▶ [What you need to do] Could the data underneath be repeated exactly, in full?

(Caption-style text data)
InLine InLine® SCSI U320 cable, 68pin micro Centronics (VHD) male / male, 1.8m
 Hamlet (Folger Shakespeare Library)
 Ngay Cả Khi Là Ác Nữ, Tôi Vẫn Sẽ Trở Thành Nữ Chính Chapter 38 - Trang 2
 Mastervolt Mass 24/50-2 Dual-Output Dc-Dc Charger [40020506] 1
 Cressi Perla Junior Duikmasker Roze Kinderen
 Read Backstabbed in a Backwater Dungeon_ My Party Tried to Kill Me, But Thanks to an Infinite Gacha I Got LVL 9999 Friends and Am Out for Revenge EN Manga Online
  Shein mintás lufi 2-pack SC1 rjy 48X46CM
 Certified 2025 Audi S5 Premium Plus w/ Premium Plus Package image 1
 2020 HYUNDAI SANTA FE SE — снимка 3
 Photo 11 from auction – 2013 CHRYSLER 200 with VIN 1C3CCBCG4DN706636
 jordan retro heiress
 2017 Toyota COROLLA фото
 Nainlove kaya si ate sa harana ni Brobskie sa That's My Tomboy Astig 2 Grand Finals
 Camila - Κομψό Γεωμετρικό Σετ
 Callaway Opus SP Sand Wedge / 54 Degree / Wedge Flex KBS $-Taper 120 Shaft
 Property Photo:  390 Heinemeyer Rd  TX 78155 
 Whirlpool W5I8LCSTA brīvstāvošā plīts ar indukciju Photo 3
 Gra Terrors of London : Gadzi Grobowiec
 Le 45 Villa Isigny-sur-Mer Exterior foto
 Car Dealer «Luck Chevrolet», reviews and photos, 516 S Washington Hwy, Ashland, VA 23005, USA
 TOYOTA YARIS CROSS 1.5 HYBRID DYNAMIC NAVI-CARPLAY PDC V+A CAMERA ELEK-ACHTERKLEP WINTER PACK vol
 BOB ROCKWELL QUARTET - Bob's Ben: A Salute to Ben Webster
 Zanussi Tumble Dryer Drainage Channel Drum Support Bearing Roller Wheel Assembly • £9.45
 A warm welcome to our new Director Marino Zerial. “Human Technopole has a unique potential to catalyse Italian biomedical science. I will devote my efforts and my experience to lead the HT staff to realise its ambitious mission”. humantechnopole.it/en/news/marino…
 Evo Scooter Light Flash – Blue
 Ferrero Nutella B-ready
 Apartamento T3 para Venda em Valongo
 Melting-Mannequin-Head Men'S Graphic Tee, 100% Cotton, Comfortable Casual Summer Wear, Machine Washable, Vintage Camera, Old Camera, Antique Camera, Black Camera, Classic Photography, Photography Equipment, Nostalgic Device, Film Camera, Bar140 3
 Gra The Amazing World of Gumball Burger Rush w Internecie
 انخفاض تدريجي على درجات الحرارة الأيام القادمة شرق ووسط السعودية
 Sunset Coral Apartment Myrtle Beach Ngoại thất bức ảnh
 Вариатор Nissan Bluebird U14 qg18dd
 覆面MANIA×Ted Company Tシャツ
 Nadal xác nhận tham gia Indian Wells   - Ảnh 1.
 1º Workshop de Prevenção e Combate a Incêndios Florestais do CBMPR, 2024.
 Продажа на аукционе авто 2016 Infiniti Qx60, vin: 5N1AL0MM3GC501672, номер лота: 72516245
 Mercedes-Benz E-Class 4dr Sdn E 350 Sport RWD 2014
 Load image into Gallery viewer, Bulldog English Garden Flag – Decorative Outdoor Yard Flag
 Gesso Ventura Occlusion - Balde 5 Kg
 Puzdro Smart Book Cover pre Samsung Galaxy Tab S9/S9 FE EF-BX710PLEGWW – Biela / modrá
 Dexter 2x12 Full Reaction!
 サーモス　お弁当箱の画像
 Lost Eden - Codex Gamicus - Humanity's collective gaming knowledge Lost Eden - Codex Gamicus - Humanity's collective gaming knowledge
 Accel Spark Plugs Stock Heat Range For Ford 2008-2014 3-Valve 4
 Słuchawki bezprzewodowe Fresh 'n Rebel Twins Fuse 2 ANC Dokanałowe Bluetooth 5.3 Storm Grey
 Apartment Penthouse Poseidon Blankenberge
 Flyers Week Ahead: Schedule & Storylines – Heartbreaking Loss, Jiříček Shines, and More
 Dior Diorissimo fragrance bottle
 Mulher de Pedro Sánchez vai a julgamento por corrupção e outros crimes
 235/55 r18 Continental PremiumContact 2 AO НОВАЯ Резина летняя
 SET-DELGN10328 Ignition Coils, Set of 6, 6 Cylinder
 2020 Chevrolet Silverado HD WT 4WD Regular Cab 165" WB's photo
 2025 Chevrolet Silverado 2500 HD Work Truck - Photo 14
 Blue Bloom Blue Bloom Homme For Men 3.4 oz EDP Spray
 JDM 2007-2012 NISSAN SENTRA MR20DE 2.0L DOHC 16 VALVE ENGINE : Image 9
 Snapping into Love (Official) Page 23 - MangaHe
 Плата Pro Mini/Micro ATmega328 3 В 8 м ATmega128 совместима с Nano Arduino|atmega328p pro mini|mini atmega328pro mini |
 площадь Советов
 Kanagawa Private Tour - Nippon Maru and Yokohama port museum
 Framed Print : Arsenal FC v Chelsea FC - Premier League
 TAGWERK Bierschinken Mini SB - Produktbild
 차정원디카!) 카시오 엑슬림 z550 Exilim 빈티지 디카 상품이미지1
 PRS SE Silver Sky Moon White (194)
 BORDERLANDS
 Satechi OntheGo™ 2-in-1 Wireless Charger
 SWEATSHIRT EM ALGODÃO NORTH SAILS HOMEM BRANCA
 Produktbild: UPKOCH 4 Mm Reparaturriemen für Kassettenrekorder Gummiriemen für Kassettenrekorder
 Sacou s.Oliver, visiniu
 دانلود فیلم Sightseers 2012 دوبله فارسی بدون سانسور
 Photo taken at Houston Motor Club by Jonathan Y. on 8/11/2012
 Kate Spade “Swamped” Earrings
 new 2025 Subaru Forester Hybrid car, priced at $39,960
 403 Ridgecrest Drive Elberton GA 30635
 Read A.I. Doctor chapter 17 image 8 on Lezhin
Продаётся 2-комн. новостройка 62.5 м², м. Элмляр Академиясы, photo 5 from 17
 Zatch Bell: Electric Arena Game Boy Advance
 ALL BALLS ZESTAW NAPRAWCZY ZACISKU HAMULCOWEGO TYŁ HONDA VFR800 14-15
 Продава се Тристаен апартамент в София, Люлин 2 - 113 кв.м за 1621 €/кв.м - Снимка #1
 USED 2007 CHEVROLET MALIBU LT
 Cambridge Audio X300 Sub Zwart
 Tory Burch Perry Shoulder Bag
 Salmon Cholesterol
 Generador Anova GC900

▶ [Response]
InLine InLine® SCSI U320 cable, 68pin micro Centronics (VHD) male / male, 1.8m
 Hamlet (Folger Shakespeare Library)
 Ngay Cả Khi Là Ác Nữ, Tôi Vẫn Sẽ Trở Thành Nữ Chính Chapter 38 - Trang 2
 Mastervolt Mass 24/50-2 Dual-Output Dc-Dc Charger [40020506] 1
 Cressi Perla Junior Duikmasker Roze Kinderen
 Read Backstabbed in a Backwater Dungeon_ My Party Tried to Kill Me, But Thanks to an Infinite Gacha I Got LVL 9999 Friends and Am Out for Revenge EN Manga Online
  Shein mintás lufi 2-pack SC1 rjy 48X46CM
 Certified 2025 Audi S5 Premium Plus w/ Premium Plus Package image 1
 2020 HYUNDAI SANTA FE SE — снимка 3
 Photo 11 from auction – 2013 CHRYSLER 200 with VIN 1C3CCBCG4DN706636
 jordan retro heiress
 2017 Toyota COROLLA фото
 Nainlove kaya si ate sa harana ni Brobskie sa That's My Tomboy Astig 2 Grand Finals
 Camila - Κομψό Γεωμετρικό Σετ
 Callaway Opus SP Sand Wedge / 54 Degree / Wedge Flex KBS $-Taper 120 Shaft
 Property Photo:  390 Heinemeyer Rd  TX 78155 
 Whirlpool W5I8LCSTA brīvstāvošā plīts ar indukciju Photo 3
 Gra Terrors of London : Gadzi Grobowiec
 Le 45 Villa Isigny-sur-Mer Exterior foto
 Car Dealer «Luck Chevrolet», reviews and photos, 516 S Washington Hwy, Ashland, VA 23005, USA
 TOYOTA YARIS CROSS 1.5 HYBRID DYNAMIC NAVI-CARPLAY PDC V+A CAMERA ELEK-ACHTERKLEP WINTER PACK vol
 BOB ROCKWELL QUARTET - Bob's Ben: A Salute to Ben Webster
 Zanussi Tumble Dryer Drainage Channel Drum Support Bearing Roller Wheel Assembly • £9.45
 A warm welcome to our new Director Marino Zerial. “Human Technopole has a unique potential to catalyse Italian biomedical science. I will devote my efforts and my experience to lead the HT staff to realise its ambitious mission”. humantechnopole.it/en/news/marino…
 Evo Scooter Light Flash – Blue
 Ferrero Nutella B-ready
 Apartamento T3 para Venda em Valongo
 Melting-Mannequin-Head Men'S Graphic Tee, 100% Cotton, Comfortable Casual Summer Wear, Machine Washable, Vintage Camera, Old Camera, Antique Camera, Black Camera, Classic Photography, Photography Equipment, Nostalgic Device, Film Camera, Bar140 3
 Gra The Amazing World of Gumball Burger Rush w Internecie
 انخفاض تدريجي على درجات الحرارة الأيام القادمة شرق ووسط السعودية
 Sunset Coral Apartment Myrtle Beach Ngoại thất bức ảnh
 Вариатор Nissan Bluebird U14 qg18dd
 覆面MANIA×Ted Company Tシャツ
 Nadal xác nhận tham gia Indian Wells   - Ảnh 1.
 1º Workshop de Prevenção e Combate a Incêndios Florestais do CBMPR, 2024.
 Продажа на аукционе авто 2016 Infiniti Qx60, vin: 5N1AL0MM3GC501672, номер лота: 72516245
 Mercedes-Benz E-Class 4dr Sdn E 350 Sport RWD 2014
 Load image into Gallery viewer, Bulldog English Garden Flag – Decorative Outdoor Yard Flag
 Gesso Ventura Occlusion - Balde 5 Kg
 Puzdro Smart Book Cover pre Samsung Galaxy Tab S9/S9 FE EF-BX710PLEGWW – Biela / modrá
 Dexter 2x12 Full Reaction!
 サーモス　お弁当箱の画像
 Lost Eden - Codex Gamicus - Humanity's collective gaming knowledge Lost Eden - Codex Gamicus - Humanity's collective gaming knowledge
 Accel Spark Plugs Stock Heat Range For Ford 2008-2014 3-Valve 4
 Słuchawki bezprzewodowe Fresh 'n Rebel Twins Fuse 2 ANC Dokanałowe Bluetooth 5.3 Storm Grey
 Apartment Penthouse Poseidon Blankenberge
 Flyers Week Ahead: Schedule & Storylines – Heartbreaking Loss, Jiříček Shines, and More
 Dior Diorissimo fragrance bottle
 Mulher de Pedro Sánchez vai a julgamento por corrupção e outros crimes
 235/55 r18 Continental PremiumContact 2 AO НОВАЯ Резина летняя
 SET-DELGN10328 Ignition Coils, Set of 6, 6 Cylinder
 2020 Chevrolet Silverado HD WT 4WD Regular Cab 165" WB's photo
 2025 Chevrolet Silverado 2500 HD Work Truck - Photo 14
 Blue Bloom Blue Bloom Homme For Men 3.4 oz EDP Spray
 JDM 2007-2012 NISSAN SENTRA MR20DE 2.0L DOHC 16 VALVE ENGINE : Image 9
 Snapping into Love (Official) Page 23 - MangaHe
 Плата Pro Mini/Micro ATmega328 3 В 8 м ATmega128 совместима с Nano Arduino|atmega328p pro mini|mini atmega328pro mini |
 площадь Советов
 Kanagawa Private Tour - Nippon Maru and Yokohama port museum
 Framed Print : Arsenal FC v Chelsea FC - Premier League
 TAGWERK Bierschinken Mini SB - Produktbild
 차정원디카!) 카시오 엑슬림 z550 Exilim 빈티지 디카 상품이미지1
 PRS SE Silver Sky Moon White (194)
 BORDERLANDS
 Satechi OntheGo™ 2-in-1 Wireless Charger
 SWEATSHIRT EM ALGODÃO NORTH SAILS HOMEM BRANCA
 Produktbild: UPKOCH 4 Mm Reparaturriemen für Kassettenrekorder Gummiriemen für Kassettenrekorder
 Sacou s.Oliver, visiniu
 دانلود فیلم Sightseers 2012 دوبله فارسی بدون سانسور
 Photo taken at Houston Motor Club by Jonathan Y. on 8/11/2012
 Kate Spade “Swamped” Earrings
 new 2025 Subaru Forester Hybrid car, priced at $39,960
 403 Ridgecrest Drive Elberton GA 30635
 Read A.I. Doctor chapter 17 image 8 on Lezhin
Продаётся 2-комн. новостройка 62.5 м², м. Элмляр Академиясы, photo 5 from 17
 Zatch Bell: Electric Arena Game Boy Advance
 ALL BALLS ZESTAW NAPRAWCZY ZACISKU HAMULCOWEGO TYŁ HONDA VFR800 14-15
 Продава се Тристаен апартамент в София, Люлин 2 - 113 кв.м за 1621 €/кв.м - Снимка #1
 USED 2007 CHEVROLET MALIBU LT
 Cambridge Audio X300 Sub Zwart
 Tory Burch Perry Shoulder Bag
 Salmon Cholesterol
 Generador Anova GC900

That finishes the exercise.